[Records contained in a dataset]
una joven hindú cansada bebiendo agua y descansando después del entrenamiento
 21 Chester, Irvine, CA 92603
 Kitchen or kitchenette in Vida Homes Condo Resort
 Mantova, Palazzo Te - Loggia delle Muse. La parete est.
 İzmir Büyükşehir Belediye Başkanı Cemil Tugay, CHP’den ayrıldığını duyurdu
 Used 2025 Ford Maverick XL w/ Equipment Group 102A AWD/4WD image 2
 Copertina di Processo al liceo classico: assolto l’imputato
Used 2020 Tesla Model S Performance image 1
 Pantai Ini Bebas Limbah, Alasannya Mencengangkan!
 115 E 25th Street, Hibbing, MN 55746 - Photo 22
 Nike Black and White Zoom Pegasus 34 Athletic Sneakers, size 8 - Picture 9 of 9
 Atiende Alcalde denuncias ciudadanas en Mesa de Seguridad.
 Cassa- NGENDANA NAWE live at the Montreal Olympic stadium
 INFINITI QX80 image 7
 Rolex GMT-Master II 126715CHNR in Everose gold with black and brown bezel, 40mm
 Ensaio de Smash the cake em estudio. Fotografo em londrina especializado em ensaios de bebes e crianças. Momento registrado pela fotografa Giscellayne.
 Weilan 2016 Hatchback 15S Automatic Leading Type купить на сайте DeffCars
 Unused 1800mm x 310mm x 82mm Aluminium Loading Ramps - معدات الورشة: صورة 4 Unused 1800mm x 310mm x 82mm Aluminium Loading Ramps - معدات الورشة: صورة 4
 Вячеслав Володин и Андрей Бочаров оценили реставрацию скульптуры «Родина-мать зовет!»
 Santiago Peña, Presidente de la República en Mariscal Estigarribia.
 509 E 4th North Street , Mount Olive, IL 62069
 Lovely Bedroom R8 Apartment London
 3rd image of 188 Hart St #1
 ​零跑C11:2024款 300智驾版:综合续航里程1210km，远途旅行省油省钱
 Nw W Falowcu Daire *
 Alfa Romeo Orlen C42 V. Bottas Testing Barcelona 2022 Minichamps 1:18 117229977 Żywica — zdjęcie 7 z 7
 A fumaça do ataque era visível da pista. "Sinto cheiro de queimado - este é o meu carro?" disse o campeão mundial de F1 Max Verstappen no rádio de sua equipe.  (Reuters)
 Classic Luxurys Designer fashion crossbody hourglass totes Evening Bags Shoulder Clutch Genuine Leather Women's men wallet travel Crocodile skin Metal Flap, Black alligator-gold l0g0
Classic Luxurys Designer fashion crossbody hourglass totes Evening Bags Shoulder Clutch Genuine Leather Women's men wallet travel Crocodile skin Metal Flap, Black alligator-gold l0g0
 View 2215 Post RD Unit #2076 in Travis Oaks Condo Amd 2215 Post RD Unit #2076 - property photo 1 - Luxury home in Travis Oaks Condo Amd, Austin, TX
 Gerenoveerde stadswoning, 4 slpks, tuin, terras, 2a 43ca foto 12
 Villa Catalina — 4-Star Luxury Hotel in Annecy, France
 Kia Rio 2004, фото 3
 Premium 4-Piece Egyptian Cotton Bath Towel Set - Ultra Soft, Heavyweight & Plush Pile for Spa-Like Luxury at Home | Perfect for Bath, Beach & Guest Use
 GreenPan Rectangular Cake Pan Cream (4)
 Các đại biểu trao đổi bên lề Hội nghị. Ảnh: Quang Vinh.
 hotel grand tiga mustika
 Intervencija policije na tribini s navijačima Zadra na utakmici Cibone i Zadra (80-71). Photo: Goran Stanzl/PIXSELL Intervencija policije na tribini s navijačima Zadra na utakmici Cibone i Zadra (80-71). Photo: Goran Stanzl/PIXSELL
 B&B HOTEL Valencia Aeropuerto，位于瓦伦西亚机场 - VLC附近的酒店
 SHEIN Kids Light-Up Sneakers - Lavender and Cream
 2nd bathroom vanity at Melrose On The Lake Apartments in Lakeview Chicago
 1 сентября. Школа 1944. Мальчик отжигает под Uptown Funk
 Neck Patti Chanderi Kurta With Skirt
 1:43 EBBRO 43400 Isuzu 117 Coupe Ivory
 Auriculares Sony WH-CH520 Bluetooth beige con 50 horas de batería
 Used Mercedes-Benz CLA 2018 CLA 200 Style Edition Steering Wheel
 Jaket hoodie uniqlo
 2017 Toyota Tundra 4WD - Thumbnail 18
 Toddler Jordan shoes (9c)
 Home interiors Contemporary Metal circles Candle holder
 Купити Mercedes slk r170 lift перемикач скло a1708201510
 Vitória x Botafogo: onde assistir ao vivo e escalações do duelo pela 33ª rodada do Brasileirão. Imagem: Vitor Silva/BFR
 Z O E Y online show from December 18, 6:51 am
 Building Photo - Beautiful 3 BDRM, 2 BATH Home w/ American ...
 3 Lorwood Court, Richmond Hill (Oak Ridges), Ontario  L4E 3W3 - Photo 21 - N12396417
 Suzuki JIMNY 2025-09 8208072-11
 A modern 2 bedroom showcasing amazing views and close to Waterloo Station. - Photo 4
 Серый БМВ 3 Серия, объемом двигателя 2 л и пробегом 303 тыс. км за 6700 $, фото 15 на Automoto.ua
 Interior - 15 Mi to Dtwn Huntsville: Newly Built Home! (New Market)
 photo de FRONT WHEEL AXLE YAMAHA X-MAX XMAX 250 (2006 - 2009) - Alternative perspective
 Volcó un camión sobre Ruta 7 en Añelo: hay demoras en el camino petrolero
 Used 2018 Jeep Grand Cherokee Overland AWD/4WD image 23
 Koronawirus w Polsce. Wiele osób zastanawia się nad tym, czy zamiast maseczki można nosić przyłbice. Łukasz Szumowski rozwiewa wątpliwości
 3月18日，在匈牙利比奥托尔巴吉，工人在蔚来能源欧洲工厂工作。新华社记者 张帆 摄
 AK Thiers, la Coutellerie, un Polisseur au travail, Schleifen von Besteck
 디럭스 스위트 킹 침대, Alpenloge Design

WHAT YOU WILL DO
Stop after the line containing "Cassa- NGENDANA NAWE": print exactly the lines from the start of the entries above up to it, that line included.

ANSWER SECTION
una joven hindú cansada bebiendo agua y descansando después del entrenamiento
 21 Chester, Irvine, CA 92603
 Kitchen or kitchenette in Vida Homes Condo Resort
 Mantova, Palazzo Te - Loggia delle Muse. La parete est.
 İzmir Büyükşehir Belediye Başkanı Cemil Tugay, CHP’den ayrıldığını duyurdu
 Used 2025 Ford Maverick XL w/ Equipment Group 102A AWD/4WD image 2
 Copertina di Processo al liceo classico: assolto l’imputato
Used 2020 Tesla Model S Performance image 1
 Pantai Ini Bebas Limbah, Alasannya Mencengangkan!
 115 E 25th Street, Hibbing, MN 55746 - Photo 22
 Nike Black and White Zoom Pegasus 34 Athletic Sneakers, size 8 - Picture 9 of 9
 Atiende Alcalde denuncias ciudadanas en Mesa de Seguridad.
 Cassa- NGENDANA NAWE live at the Montreal Olympic stadium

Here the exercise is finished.